EXERCISE INSTRUCTIONS:
Without including the pictures, copy out every line below.

DATASET EXTRACT:
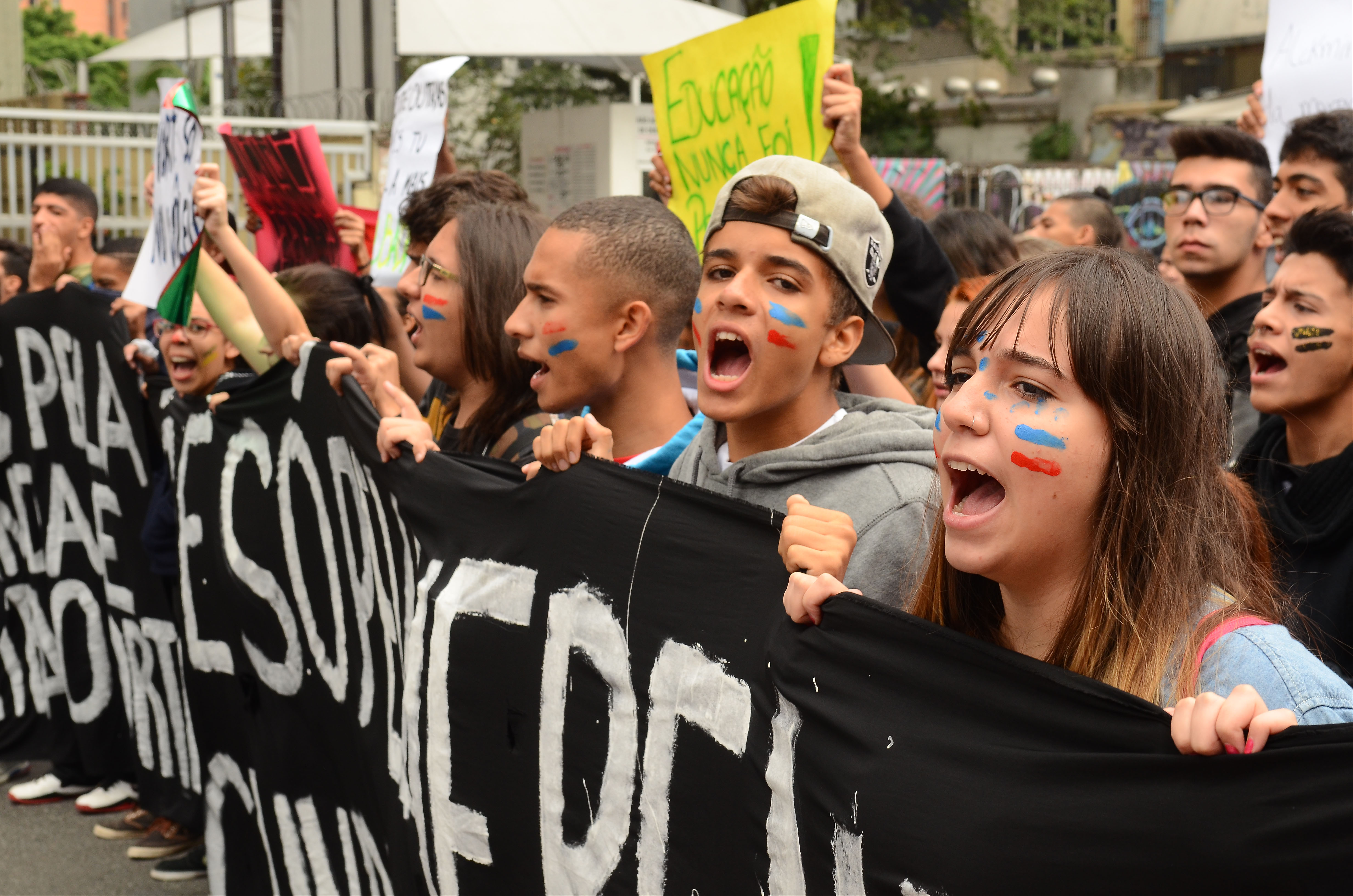 São Paulo - Manifestação dos estudantes secundaristas contra cortes na educação e a máfia da merenda.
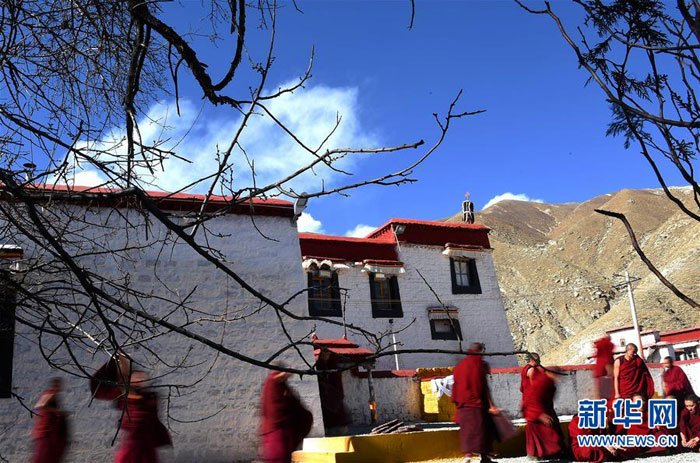 ཆུ་བཟང་དགོན་དང་། འཇང་དགོན། མཁའ་ལུང་རི་ཁྲོད། ལྷོ་ཁ་རྫིང་ཕྱི་དགོན་པའི་གནས་བཤད།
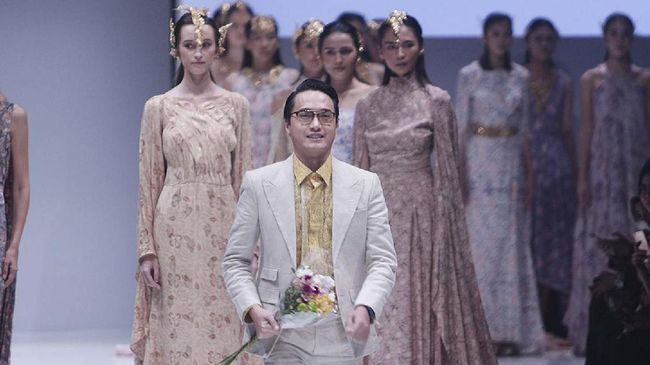 Desainer Barli Asmara yang meninggal dunia pada Kamis (27/8) memberikan banyak kenangan manis bagi rekan-rekan desainer Indonesia lainnya.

TASK OUTPUT:
 São Paulo - Manifestação dos estudantes secundaristas contra cortes na educação e a máfia da merenda.
 ཆུ་བཟང་དགོན་དང་། འཇང་དགོན། མཁའ་ལུང་རི་ཁྲོད། ལྷོ་ཁ་རྫིང་ཕྱི་དགོན་པའི་གནས་བཤད།
 Desainer Barli Asmara yang meninggal dunia pada Kamis (27/8) memberikan banyak kenangan manis bagi rekan-rekan desainer Indonesia lainnya.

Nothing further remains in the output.